(Image-text web data)
+ + +

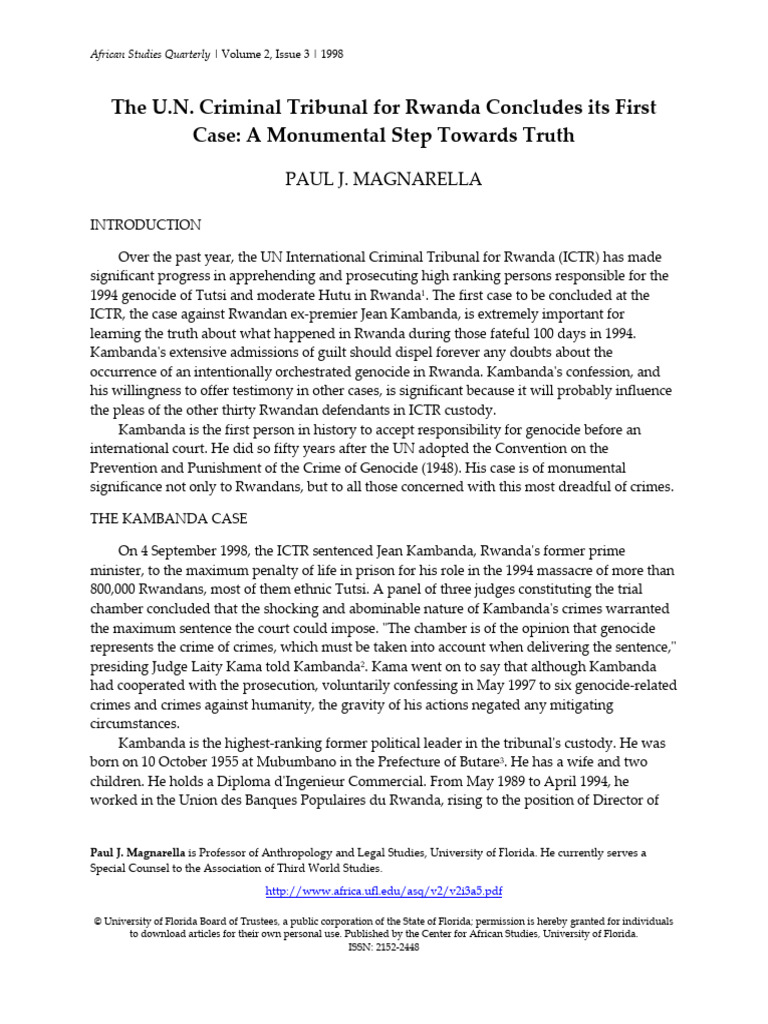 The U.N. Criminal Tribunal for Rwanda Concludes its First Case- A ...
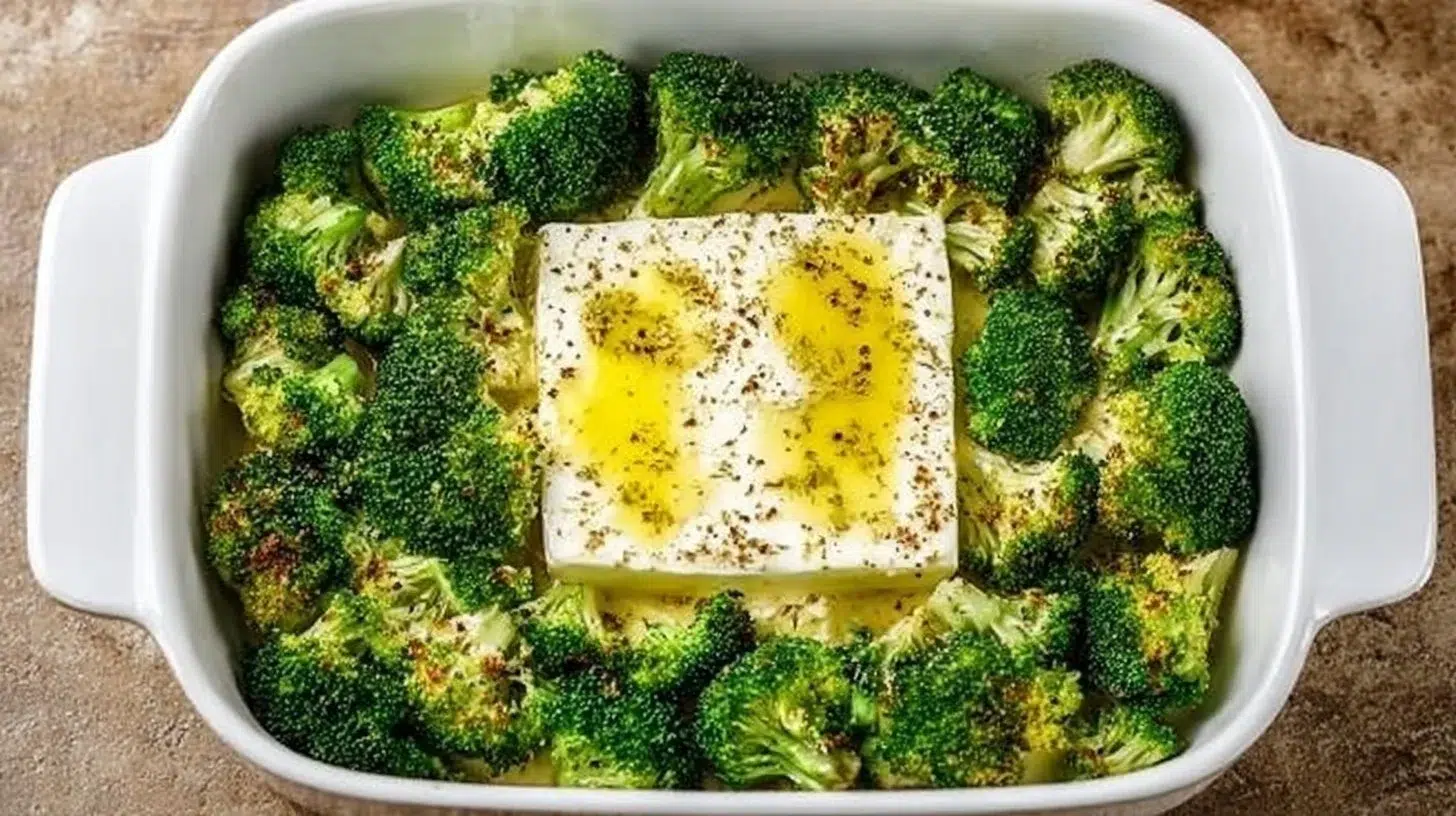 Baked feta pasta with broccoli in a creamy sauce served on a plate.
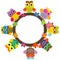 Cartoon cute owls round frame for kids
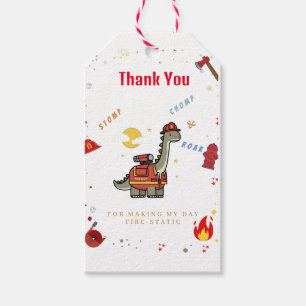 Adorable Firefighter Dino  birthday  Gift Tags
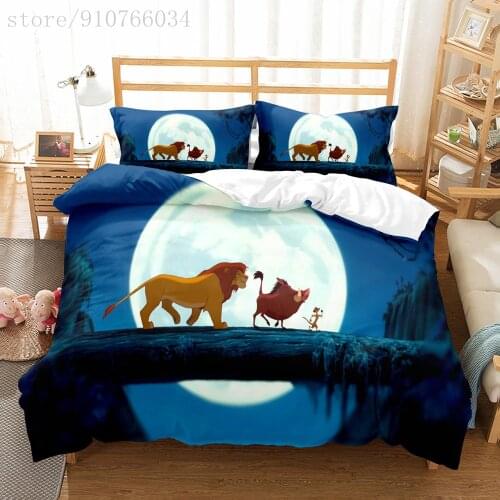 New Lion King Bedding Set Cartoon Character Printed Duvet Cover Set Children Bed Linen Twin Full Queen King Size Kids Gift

+ + +

WORK INSTRUCTION: Print every record above exactly as written, leaving out the pictures.

EXPECTED OUTPUT:
 The U.N. Criminal Tribunal for Rwanda Concludes its First Case- A ...
 Baked feta pasta with broccoli in a creamy sauce served on a plate.
 Cartoon cute owls round frame for kids
 Adorable Firefighter Dino  birthday  Gift Tags
 New Lion King Bedding Set Cartoon Character Printed Duvet Cover Set Children Bed Linen Twin Full Queen King Size Kids Gift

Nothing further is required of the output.